I'm not proud of myself.
Last week, I started a post about how I don't care a wink about my ill-fitting pants (you'll recall I went to California and ate VG Donuts and Hula Pie and Mr. Frosty dipped cones). I wrote all about the medium-sized purple muumuu I bought myself at Target for my birthday. (Muumuus run large. Is smart thinking by muumuu makers.). And then I prattled on about how muumuus are the best because they keep people wondering: what's going on under there? Is she a lingerie model? Is she great with child? No one can tell, and guess what? It is none of their business how many apple fritters I'm smuggling around in my lovely lady lumps! I got the wearable-pup-tent idea from my sister, who already had the same dress. So since we both wore it almost every day of our vacation, sometimes we went places with all of our combined 12 children, looking like some sort of matchy-matchy Polynesian sister wives.

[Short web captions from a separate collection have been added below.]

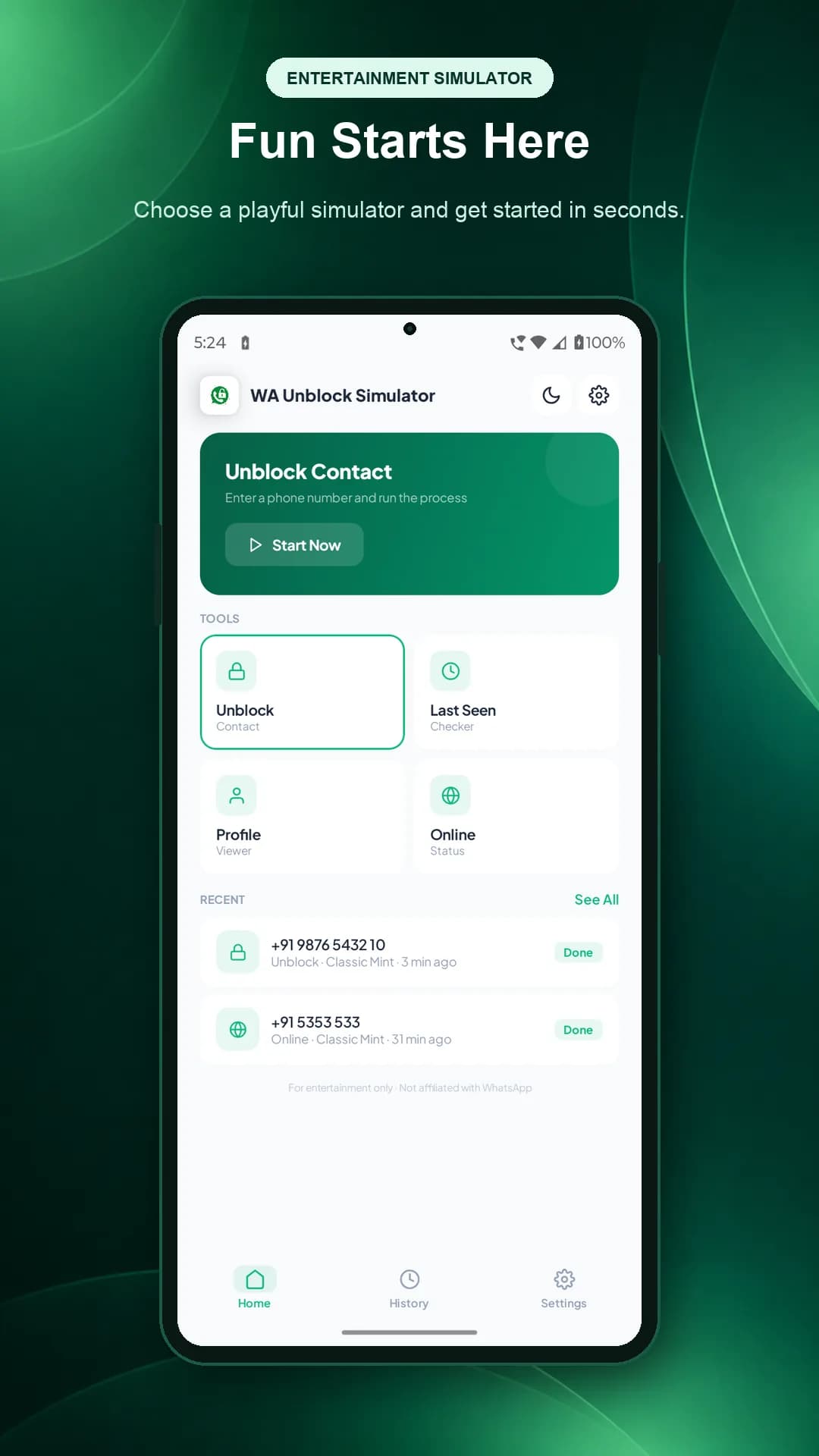 Unblock Simulator on Android phone, screen 1
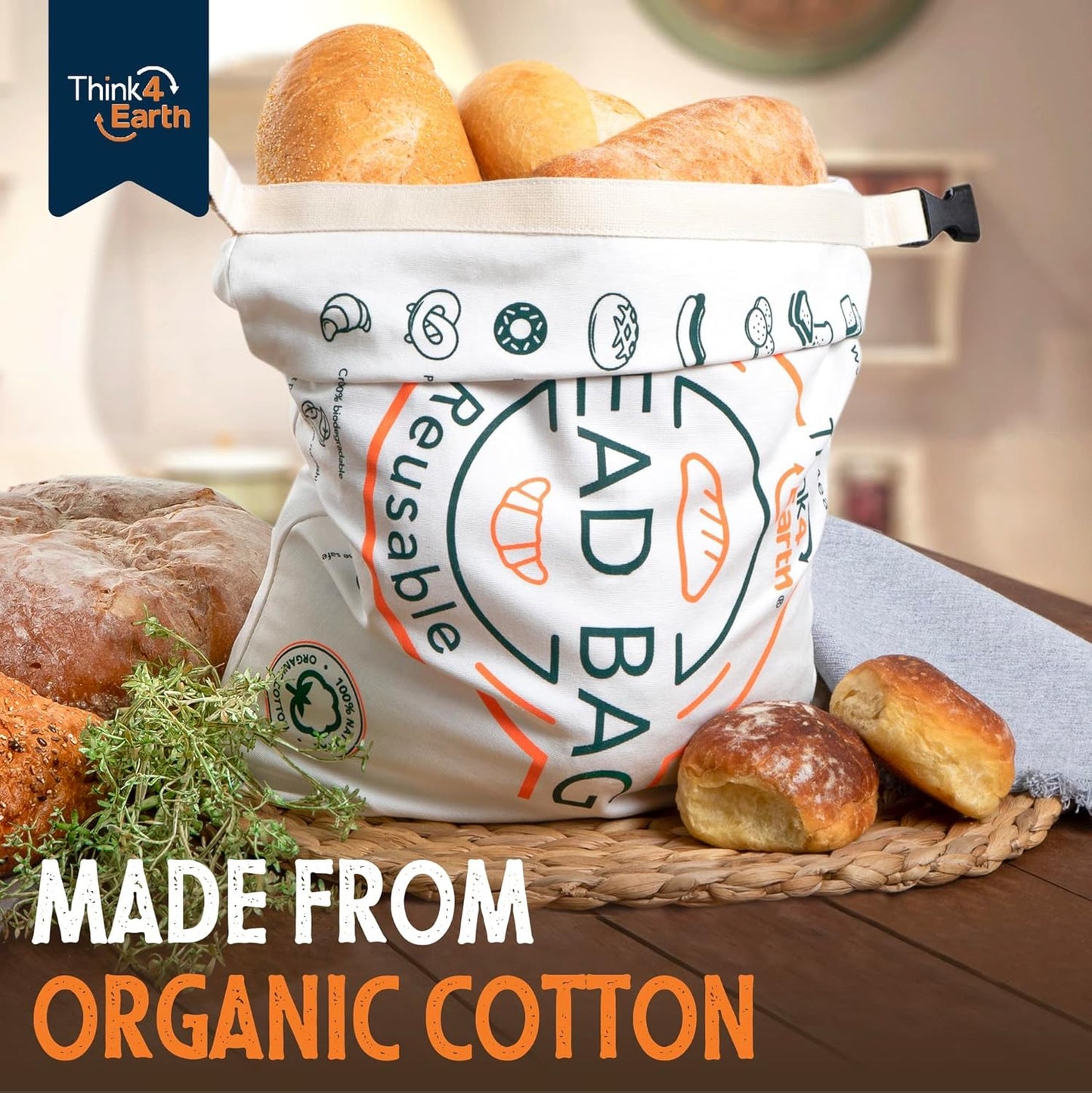 Think4Earth® - Reusable Organic Cotton Bread Bag for Homemade Loaves Large | Premium Quality Storage Bags - Unique Cotton Bags for Sourdough, Safe and Eco-Friendly (2 Units)
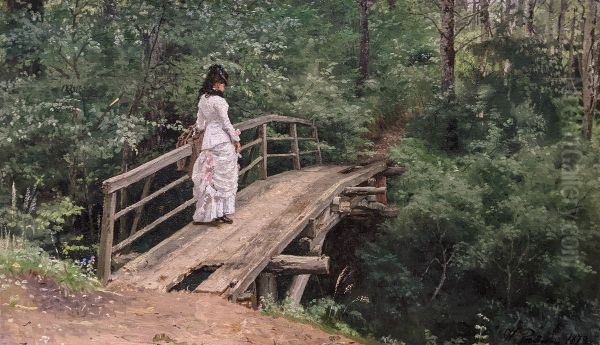 Vera Repine se promenant au parc d'Abramtsevo - view 1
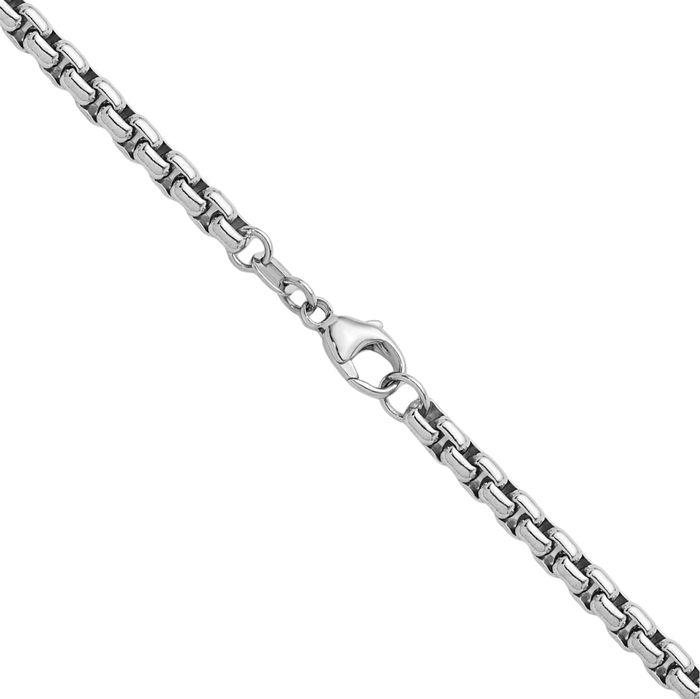 925 Sterling Silver 4mm Round Box Link Chain Necklace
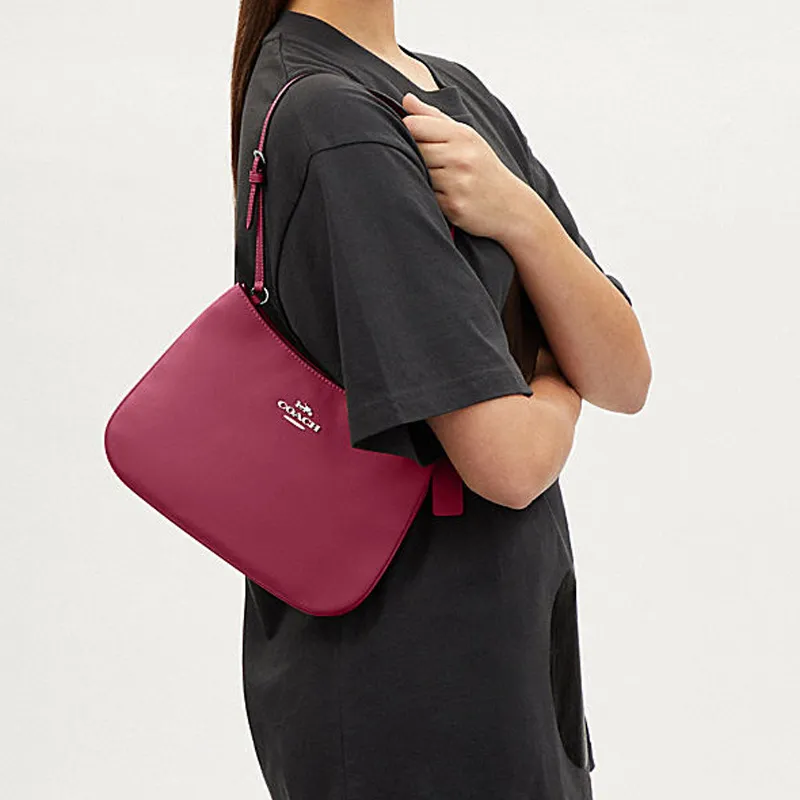 COACH Penelope Cow Leather Shoulder Bag, Handbag, Shoulder Bag Women's Bright Violet-3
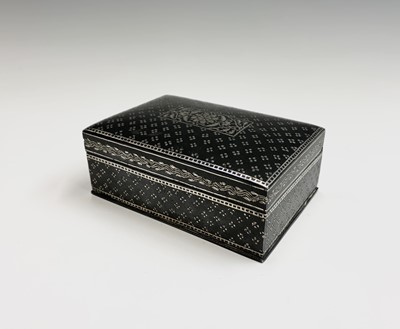 Lot 507 - A small Indian Bidri silver inlaid box. Height...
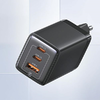 USAMS US-CC180 65W Sandru sorozatú fali töltő 2xUSB-C + 1xUSB (csak fej) GaN PD3.0 + QC3.0 Gyors töltés fekete - 0. kép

Anyhow, like I said, that was last week. From the black night of unhealthy (but delicious) denial has dawned a new era of self-denial. Retrenchment. Which started today. And I'm only telling you so I can't wriggle out of it. So now I'm sitting here eating raw carrots with no ranch dressing, still wearing my stinky yoga pants. You can leave your condolences in the comments.
But just because I can't eat anything good doesn't mean I can't buy myself stuff on iTunes, right?
The Decemberists most recent album, The King is Dead, might actually be better than doughnuts. This record sounds like Mary from Peter, Paul, and Mary married Michael Stipe and had lots of bearded children, who then died and formed a choir of hipster angels. (Except for This is Why we Fight, which sounds like the Cranberries.) Listening to them makes me want to get the old band back together (the band being me and my sister, my sister mostly against her will), to sing my original, four-chord dirges, inspired by boys who didn't know I liked them and British Royals of the middle ages. Take a gander at my playlist over right, if you like folk music. (Or Weird Al. Because I bought his album, Alpocalypse, too.)
What else should I buy on iTunes?
What did you do with your first day of school?
What's your favorite doughnut?
(I like buttermilk old-fashioned with chocolate ganache.)